Recensione a cura di Manuela Fontenova
Che grande narratore che è “Il Vitali” per dirla al modo del protagonista di questo nuovissimo e godibilissimo romanzo. Non siamo più a Bellano, non ci sono morti ammazzati e carabinieri affaccendati a risolvere il caso. Siamo in provincia, si resta in Lombardia ovviamente e si presume siano gli anni ‘60/70. Ma chi è questo protagonista? Un uomo di mezza età tutto casa e bottega, e non è un modo dire eh! Già perché il nostro uomo si divide tra il negozio di ferramenta, che ha tirato su con anni di fatiche e la casa che si trova al piano superiore dello stesso edificio. Che gran soddisfazione questa attività: preciso, puntuale, ligio al dovere, i clienti lo sanno bene che nel suo negozio possono trovare solo il meglio. E insomma il lavoro va alla grande ma la famiglia? La famiglia mica tanto, ma non per la moglie no, anzi, una brava donna dedita forse un po’ troppo alla prole, ma buona compagna di vita. No il problema sono i figli, tre per l’esattezza. C’è l’Alice che voleva studiare, ma una femmina deve metter su famiglia, va bene lo studio ma troppi progetti fanno male, che il buon uomo lo sa qual è la soluzione: alla donna che troppo vuole basta metterle un figlio nella pancia così da tenerla impegnata e toglierle ogni fantasia di fare altro. Ma l’Alice mica è una facile, fa la maestra, vuole la laurea, certo un marito poi lo trova…. Solo che “quell’Anselmo lì…”. Ecco una frase che leggerete spesso in quest’avventura, il sospirato “quel … lì”, metto i puntini perché il soggetto varia in base alle situazioni e a pronunciarla è proprio sua moglie. Quasi profetica, piazzata ad arte tra un sospiro e un altro con la fastidiosa capacità di mandare in subbuglio le poche certezze del capofamiglia.
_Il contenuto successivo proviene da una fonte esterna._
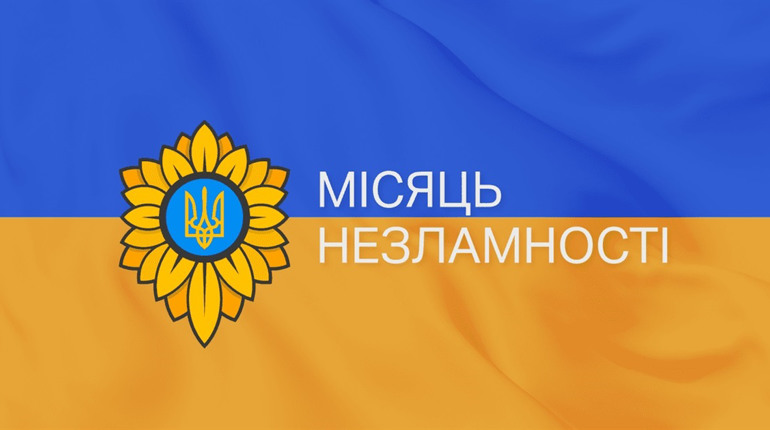 Загарбникам в Україні не вдалося просунутися за жодним напрямком - Генштаб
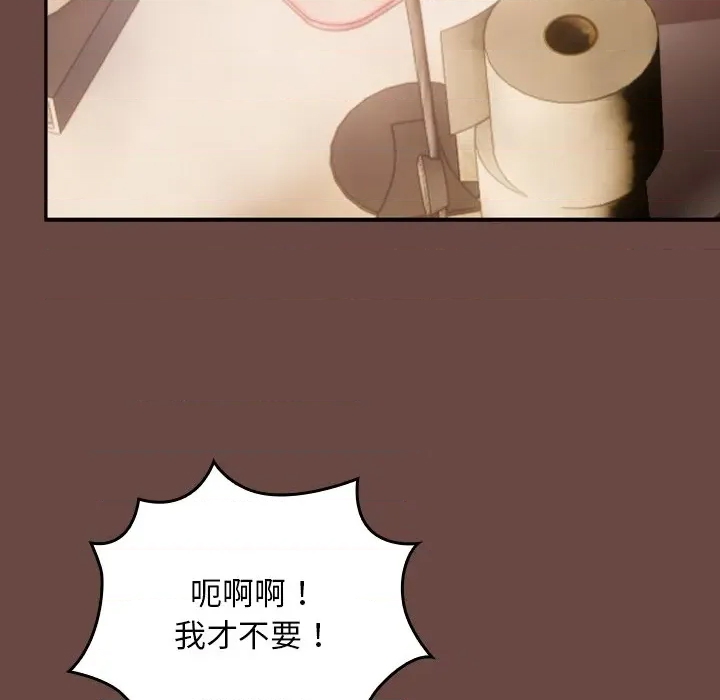 第 174 页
Ma torniamo ai figli: c’è l’Alberto che al contrario della sorella di libri non vuol saperne e difatti a scuola è un disastro. Ma l’azienda in famiglia deve restare, e il giovane scapestrato da raddrizzare ha il destino già segnato… se non fosse che “quell’Alberto lì…”.
Terzo e ultimogenito, nato settimino, è Ercole, noto a tutti come l’Ercolino. Magro e piccolo con una fame da cavallo, sembra un ospite capitato per caso in famiglia. Lui la passione dello studio l’ha presa dall’Alice ma strano è strano, non c’è che dire. D’altronde non c’è bisogno che ve lo dica… “Quell’Ercolino lì…”
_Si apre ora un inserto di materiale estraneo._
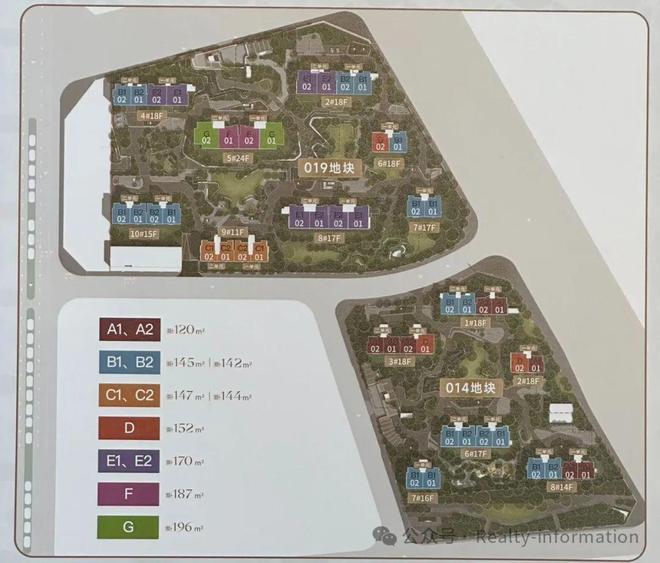 商元玺售楼处发布：元玺以品质铸就传奇CQ9电子北京热搜豪宅TOP北京招(图16)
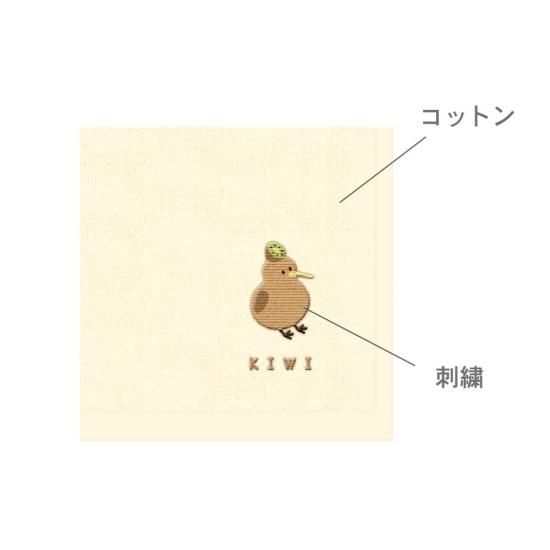 ネコポス対応】レアアニマル タオルハンカチ（ハシビロコウ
E insomma uno si sposa, fa tanti bei progetti e poi si ritrova con una banda di matti che nemmeno il tempo per un pisolino si trova a forza di stargli dietro! Sono grandi ormai, dovrebbero andare per la propria strada ma a quanto pare la mamma chioccia è sempre pronta a risolvere i guai di tutti con l’aiuto del marito che manco a dirlo, non si può mica rifiutare, sono pur sempre figli suoi! Non c’è un momento di tranquillità per il nostro amico alle prese con la vita quotidiana, gli ordini, i clienti, le strategie di vendita e una famiglia che è un’inesauribile fonte di problemi.
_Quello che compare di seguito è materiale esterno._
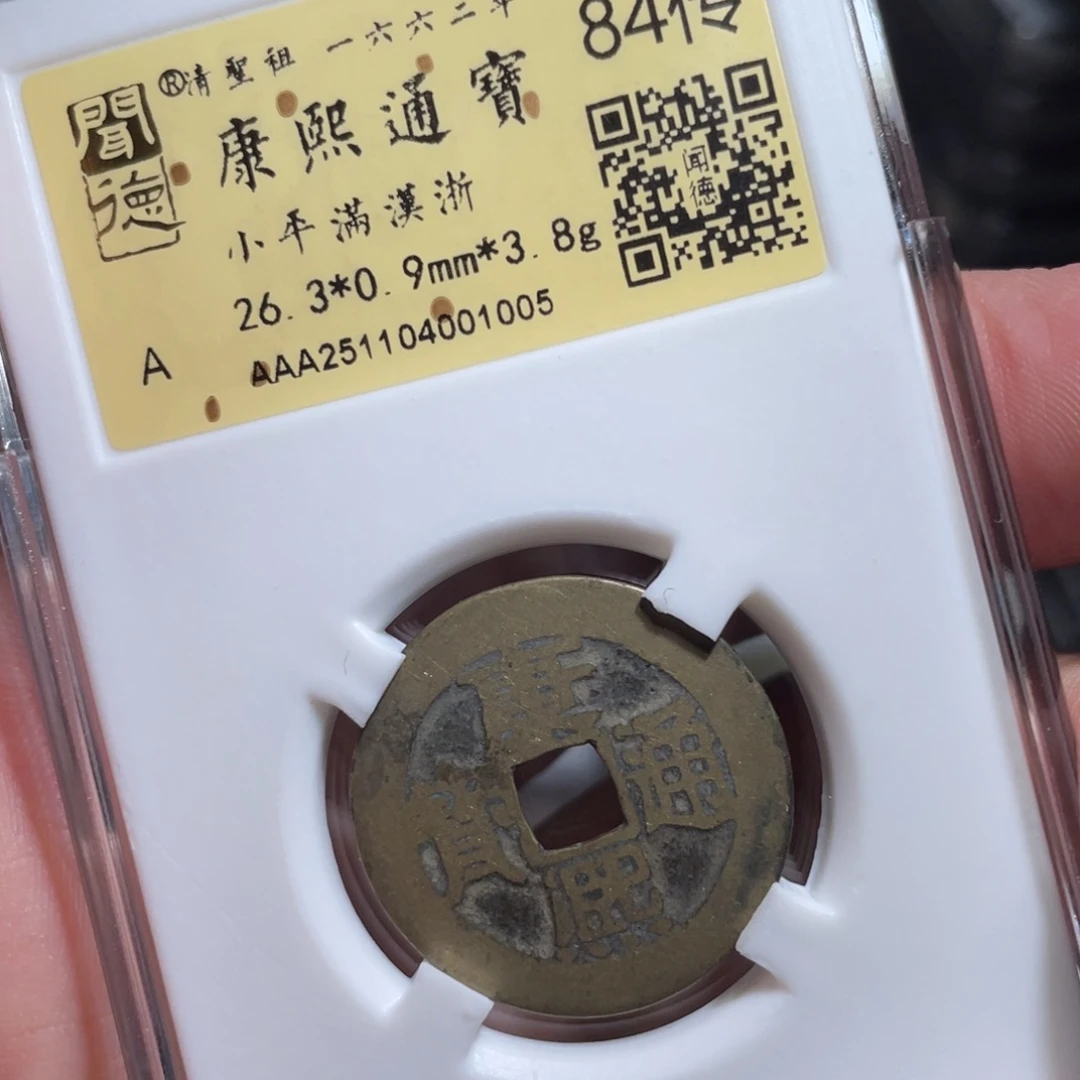 铜鼎一 康熙通宝10️⃣0️⃣5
Ma perché ve la sta raccontando così? Perché è così che è scritto: tutto in prima persona, un flusso continuo fatto di racconti, aneddoti e dialoghi mai virgolettati, semplicemente inseriti in un parlare che non conosce regole, spazio e tempo. Si può solo essere travolti dalla grande prosa del Vitali che a mio avviso con “Sono mancato all’affetto dei miei cari” conferma, se mai ce ne fosse stato bisogno, di essere sempre una spanna avanti, di arrivare là dove molti ambiscono con una naturalezza che sembra tale ma che credo essere frutto di una capacità narrativa senza uguali.
Prendetevi qualche ora, dimenticate il cellulare, il pc, la tv, semplicemente regalatevi il piacere di una lettura di qualità e sorridete, che per pensare alle incombenze della vita c’è sempre tempo.